The idea was simple, instead of doing what the news does, which is entertain you, I wanted to do something that the news rarely does, make a person care about the issue ... I wanted young people in Europe to see the people in the war, I didn't want them to see politicians or religious leaders or military spokesmen.
— Bill Carter

Carter suggested to lead vocalist Bono an idea to film a documentary based on Sarajevo's underground resistance movement. Not only did Bono produce the film, he also provided the funds needed to support the project. Carter had his camera sent to him from his home in California so he could film the documentary with the same goal of exposing people to the individuals living through the war. "The war is just a backdrop, it could be any war, the point is the vitality of the human spirit to survive, [to] laugh, to love, and to move on, that is something we will be addressing always."

The camera follows the organizers through the tunnels and cellars of the city, giving a unique insight into life during a modern war, where civilians are the targets. The film captures the dark humour of the besieged Sarajevans, their stubborn refusal to be demoralised and suggests that surrealism and Dadaism are the appropriate responses to fanaticism.
— Bono

Carter's Sarajevo documentary was one of two Dreamchaser nominees for the 1995 International Monitor Awards, in Washington, D.C. Carter would ultimately prevail over a Chernobyl documentary Black Wind, White Land, made by fellow nominee and Bono's wife, Ali Hewson.

==Inspiration and composition==
In 1995, U2 and producer Brian Eno wrote "Miss Sarajevo" during the recording sessions for their collaborative album Original Soundtracks 1. The lyrics were written in response to "the surreal acts of defiance that had taken place during the siege of Sarajevo". One such act was a beauty pageant organized by Bosnian women who planned to fight the war with their "lipstick and heels". During the pageant, all of the participants walked onto the stage carrying a banner that said, "Don't let them kill us". The winner of the pageant, 17-year-old Inela Nogić, later said the pageant "was a crazy thing to do during a war. But we tried to live a normal life. It was some kind of a defense mechanism we all had." Years later, Bono said, "It was pure Dada and it deserved to be celebrated in song." Of the song's meaning, he said, "Everywhere people had heard their call for help—but help never came. That was the feeling. I had tried to tackle subjects like this head-on, but I'd learnt a lesson. You have to try and make the same points, in a different, less direct, more surrealist way." The lyrics protest the war in Bosnia, criticising the international community for its inability to stop the war or help those affected by it. Bono went on to say that he felt that these lyrics reflected what the people of Sarajevo were feeling at the time. Original Soundtracks 1 is an album of songs based mostly on non-existent films; however, "Miss Sarajevo" is one of four tracks from the album that are based on real films.

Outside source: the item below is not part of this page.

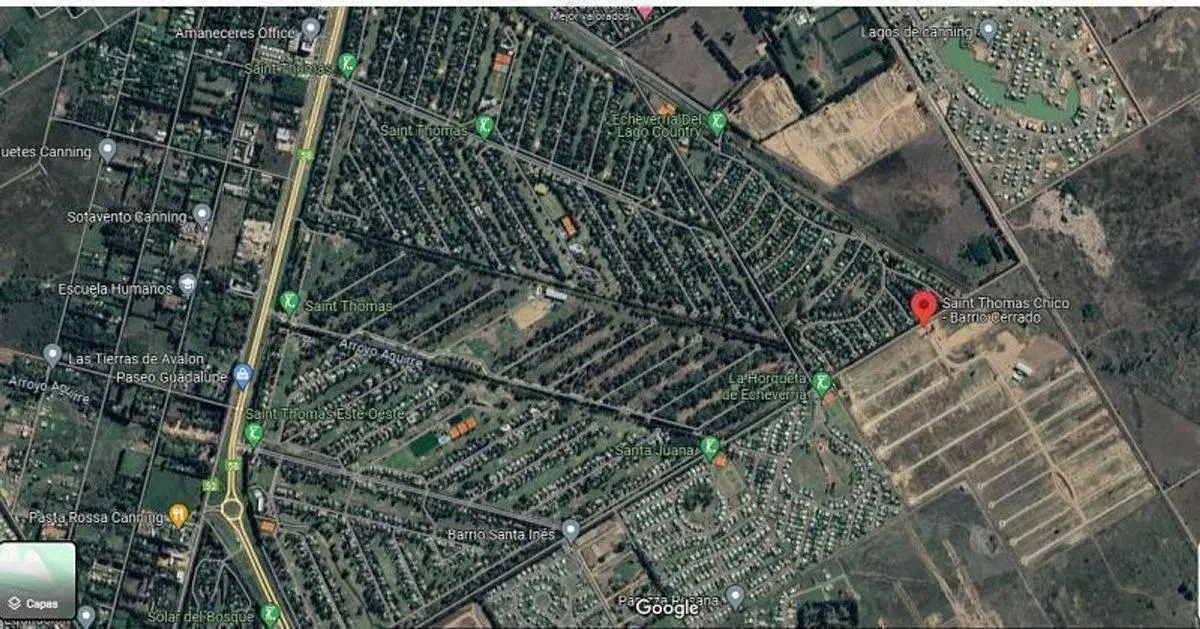 Venta de Lote en Saint Thomas Chico. Canning 4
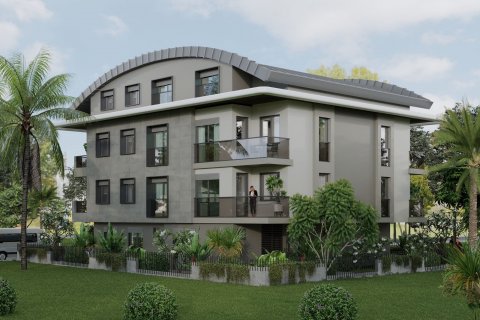 1+1 Lejlighed  i Antalya, Tyrkiet Nr. 170279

Italian tenor Luciano Pavarotti makes a vocal appearance, singing the opera solo. According to Bono, Pavarotti was very fond of the idea of a collaboration. Even before "Miss Sarajevo" was conceived, "He had been asking for a song. In fact, asking is an understatement. He had been crank-calling the house. He told me if I didn't write him a song, God would be very cross." Anna Coleman, wife of Marc Coleman who works closely with the band, wrote the Italian libretto for the track. Roughly translated by Bono, the lyrics read:

You say that like a river finds its way to the sea
You will find your way back to me
You say that you will find a way
But love I'm not a praying man
And in love I can't wait any more.

— Bono

==Music video==
The music video for this song, directed by Maurice Linnane, is a montage of three different events: the beauty pageant described in the song; the original performance of the song from the Pavarotti & Friends concert in Modena; and a tour through the streets of war-torn Sarajevo under gunfire from the nearby troops taken from Carter's documentary. Clips contain striking imagery, such as a shot of the pageant contestants holding up a banner with the words "Don't let them kill us" in all caps, as seen on the single's artwork. The video is featured on The Best of 1990–2000 DVD with a director's commentary, and a documentary entitled Missing Sarajevo.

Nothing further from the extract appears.